Most banks in Bangladesh currently report spreads above the new regulatory limit

A circular from the central bank mandates that the gap between average interest rates on all loans and deposits — excluding credit cards and consumer finance — must not exceed 4 percent.

The Bangladesh Bank has capped the spread between banks’ average lending and deposit rates at 4 percent, acting to keep borrowing costs for industry and other productive sectors at a reasonable level. The directive, issued on Monday, takes effect immediately.

A circular from the central bank’s Banking Regulation and Policy Department-1 was sent to the managing directors and chief executives of all scheduled banks in the country. It mandates that the gap between average interest rates on all loans and deposits — excluding credit cards and consumer finance — must not exceed 4 percent.
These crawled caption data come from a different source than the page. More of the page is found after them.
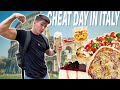 Cheat Day In Rome | My First Time Visiting | Massive Ice Cream, Delicious Pizza's + More!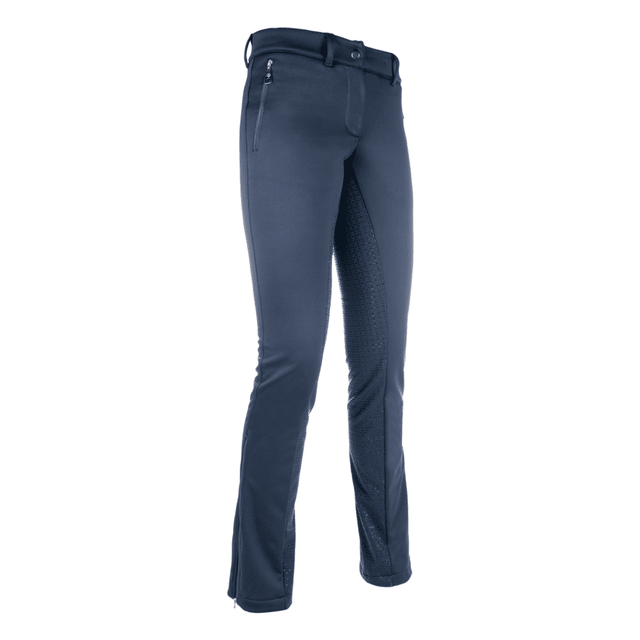 HKM Moena Softshell Plain Jodhpur Riding Breeches #colour_deep-blue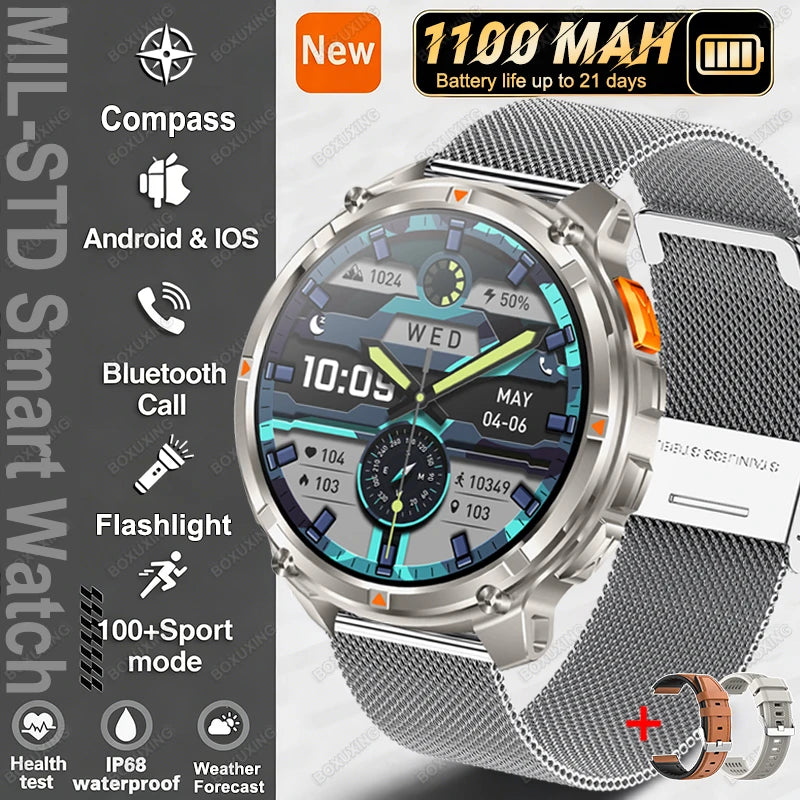 T-Rex 3 Ultra GPS Smart Watch for Men – Waterproof Sports Tracker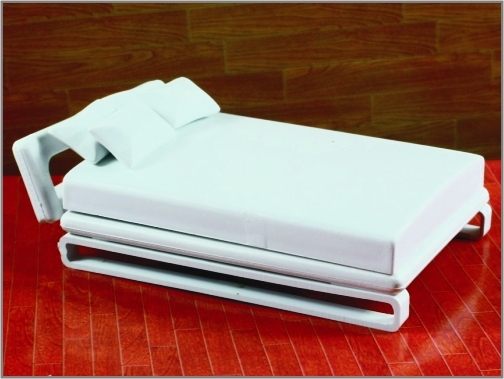 China 1:20/1:25/1:30 Modern Home Architectural Model Furniture PuShi Doube Bed supplier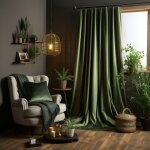 Lot de 2 rideau velour draperies thermique luxurious rideaux isolant anti froid pour salon chambre - ...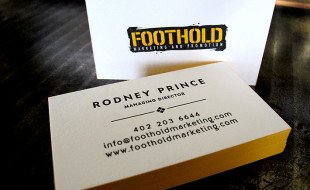 Cool Letterpress Business Card - FootHold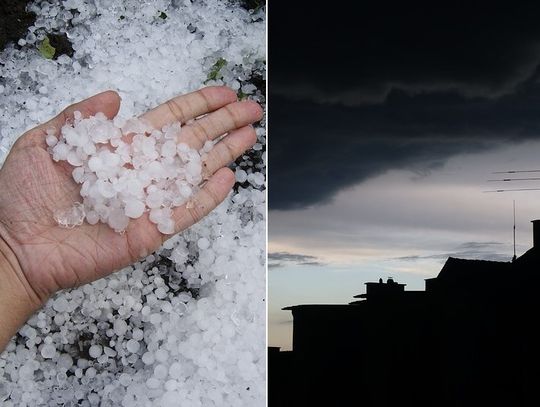 Kolejne ostrzeżenie meteorologiczne dla naszego powiatu. Dziś możliwe burze z gradem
The Bangladesh Bank said many banks were charging significantly higher lending rates relative to their deposit rates. Their intermediation spread has widened markedly, hurting trade, commerce and industrial growth. The new ceiling aims to keep loan pricing within a logical range.

The circular notes that the regulator scrapped the spread limit in November 2023, when it adopted the SMART-based lending rate formula tied to the six-month moving average rate of treasury bills. When Bangladesh moved fully to a market-based interest rate regime in May 8, 2024, no spread cap remained in place for banks.

Central bank has since found that some banks raised lending rates far more aggressively than deposit rates after the switch. This piled pressure on borrowers and created obstacles to business expansion, prompting the fresh move to reimpose the spread limit.

Bangladesh Bank’s new 4 percent spread ceiling will force most lenders to cut their borrowing rates. Banks that do not must lift deposit rates instead.

Of the 61 scheduled banks, 56 now report a spread above the cap, with some touching nearly 10 percent. Nine foreign banks carry the highest average spread at 8.40 percent. Six state-owned commercial banks average 5.64 percent, while 43 private commercial banks average 5.58 percent. Three specialised government banks record the lowest average, at 3.31 percent.

Standard Chartered Bank leads the field with a May spread of 9.68 percent. Dutch-Bangla Bank comes second at 9.09 percent, and State Bank of India and National Bank of Pakistan report 8.01 percent and 7.93 percent respectively.

Other domestic banks in the upper range include United Commercial Bank at 7.28 percent, Shahjalal Islami Bank at 6.65 percent, City Bank at 6.30 percent, Bank Asia at 6.03 percent, BRAC Bank at 5.76 percent, Southeast Bank at 5.36 percent, Dhaka Bank at 5.32 percent, Prime Bank at 5.25 percent and Eastern Bank at 5.18 percent.

The tightest spreads among private banks sit at Mutual Trust Bank PLC (4.10 percent), Islami Bank Bangladesh (4.23 percent) and Pubali Bank (4.70 percent).